In the records below, find each line holding the word "Used" and copy it.

++++++

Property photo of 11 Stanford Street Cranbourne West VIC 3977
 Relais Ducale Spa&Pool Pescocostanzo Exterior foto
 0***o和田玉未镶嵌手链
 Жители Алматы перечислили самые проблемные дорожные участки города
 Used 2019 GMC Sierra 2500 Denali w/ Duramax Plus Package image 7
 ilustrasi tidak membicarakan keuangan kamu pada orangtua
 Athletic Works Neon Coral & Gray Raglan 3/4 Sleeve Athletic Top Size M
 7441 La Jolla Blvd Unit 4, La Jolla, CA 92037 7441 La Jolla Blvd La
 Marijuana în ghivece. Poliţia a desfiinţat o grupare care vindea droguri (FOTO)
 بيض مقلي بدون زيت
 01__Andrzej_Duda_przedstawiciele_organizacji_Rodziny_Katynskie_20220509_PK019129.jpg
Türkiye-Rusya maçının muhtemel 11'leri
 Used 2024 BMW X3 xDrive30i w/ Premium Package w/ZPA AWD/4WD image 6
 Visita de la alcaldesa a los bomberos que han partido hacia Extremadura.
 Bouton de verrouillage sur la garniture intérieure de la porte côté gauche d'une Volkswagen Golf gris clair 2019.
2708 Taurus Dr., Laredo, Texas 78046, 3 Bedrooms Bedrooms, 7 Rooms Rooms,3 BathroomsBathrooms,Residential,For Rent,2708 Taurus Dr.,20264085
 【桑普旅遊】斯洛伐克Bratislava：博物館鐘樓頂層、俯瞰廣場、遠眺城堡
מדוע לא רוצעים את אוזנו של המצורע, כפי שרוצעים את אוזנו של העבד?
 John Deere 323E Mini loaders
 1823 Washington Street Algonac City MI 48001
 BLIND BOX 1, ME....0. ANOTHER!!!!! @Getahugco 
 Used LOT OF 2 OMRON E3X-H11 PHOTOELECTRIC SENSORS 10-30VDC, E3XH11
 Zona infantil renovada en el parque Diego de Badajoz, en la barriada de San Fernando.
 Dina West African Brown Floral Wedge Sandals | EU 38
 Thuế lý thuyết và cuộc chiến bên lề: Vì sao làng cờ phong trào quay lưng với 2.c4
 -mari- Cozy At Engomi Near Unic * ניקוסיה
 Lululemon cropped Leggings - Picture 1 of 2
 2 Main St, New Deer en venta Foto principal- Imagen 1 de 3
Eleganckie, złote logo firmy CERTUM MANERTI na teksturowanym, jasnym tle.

++++++

Answer to the exercise:
 Used 2019 GMC Sierra 2500 Denali w/ Duramax Plus Package image 7
 Used 2024 BMW X3 xDrive30i w/ Premium Package w/ZPA AWD/4WD image 6
 Used LOT OF 2 OMRON E3X-H11 PHOTOELECTRIC SENSORS 10-30VDC, E3XH11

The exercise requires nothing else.